Dataset content ->

****************************************

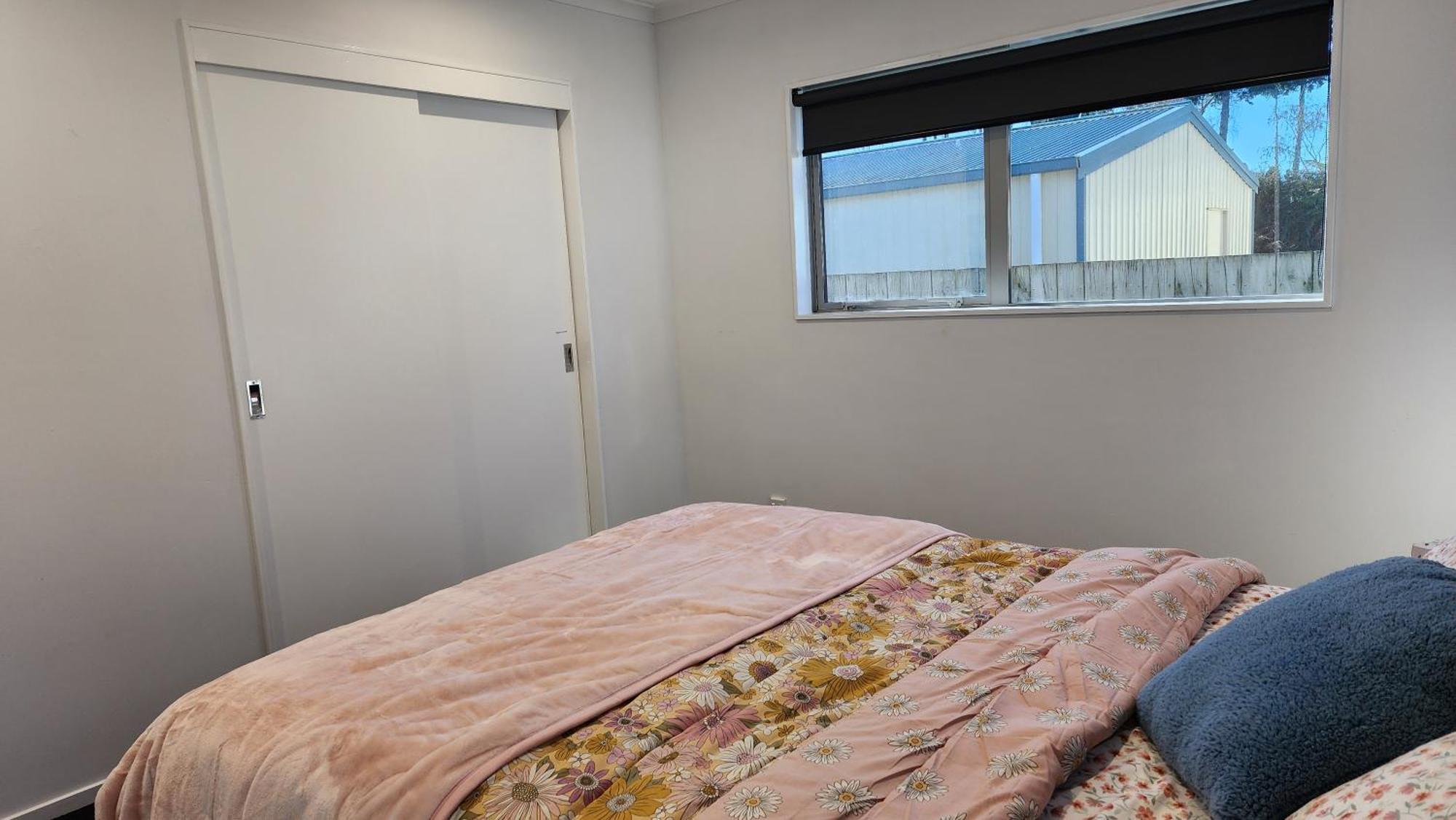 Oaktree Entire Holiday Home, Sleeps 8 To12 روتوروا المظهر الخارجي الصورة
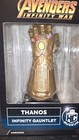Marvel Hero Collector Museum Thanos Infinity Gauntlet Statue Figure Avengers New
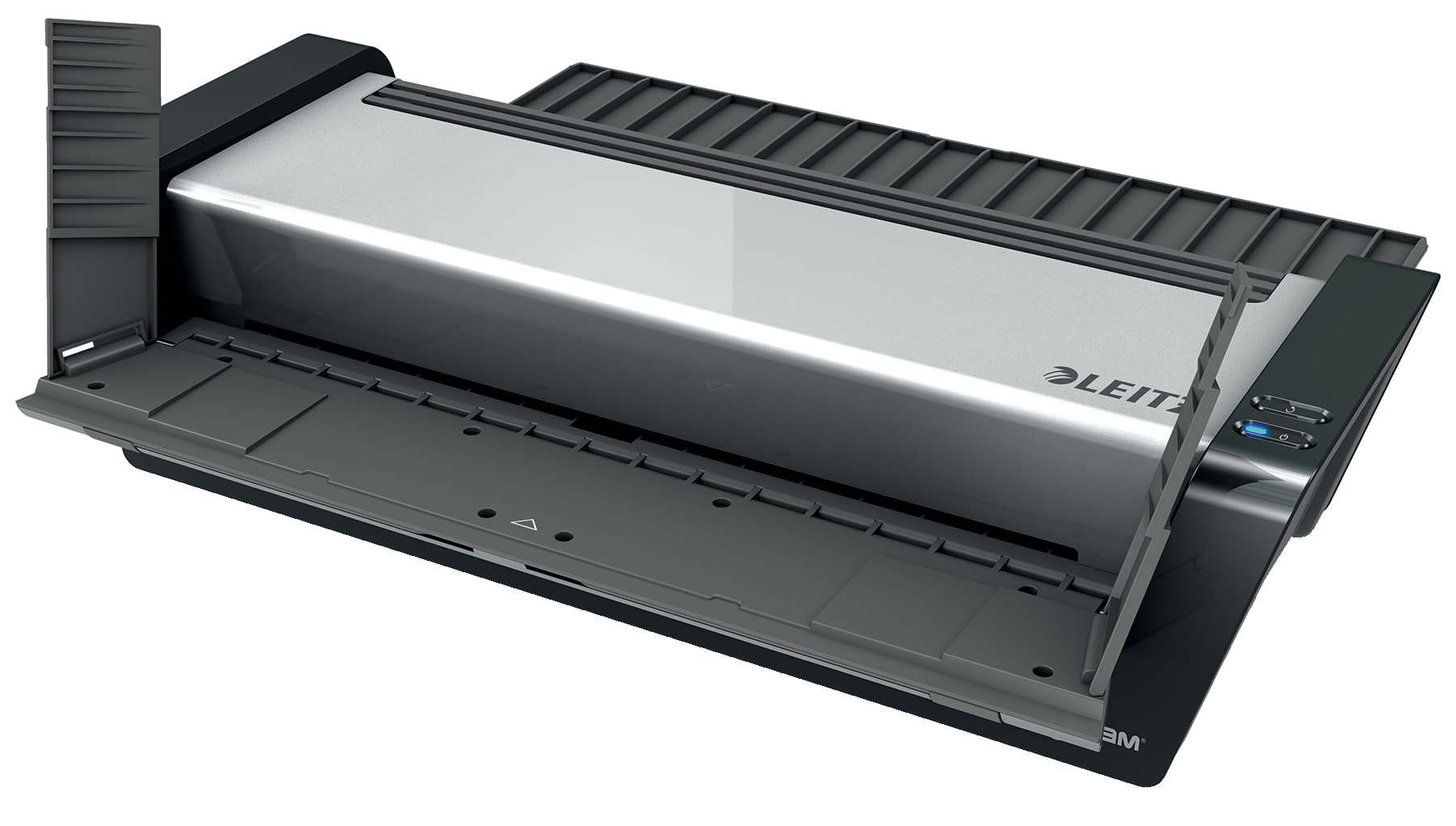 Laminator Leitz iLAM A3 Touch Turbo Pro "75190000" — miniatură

****************************************

Task prompt ->
Quote in full the listing given above; the images are to be left out.

Task response ->
 Oaktree Entire Holiday Home, Sleeps 8 To12 روتوروا المظهر الخارجي الصورة
Marvel Hero Collector Museum Thanos Infinity Gauntlet Statue Figure Avengers New
 Laminator Leitz iLAM A3 Touch Turbo Pro "75190000" — miniatură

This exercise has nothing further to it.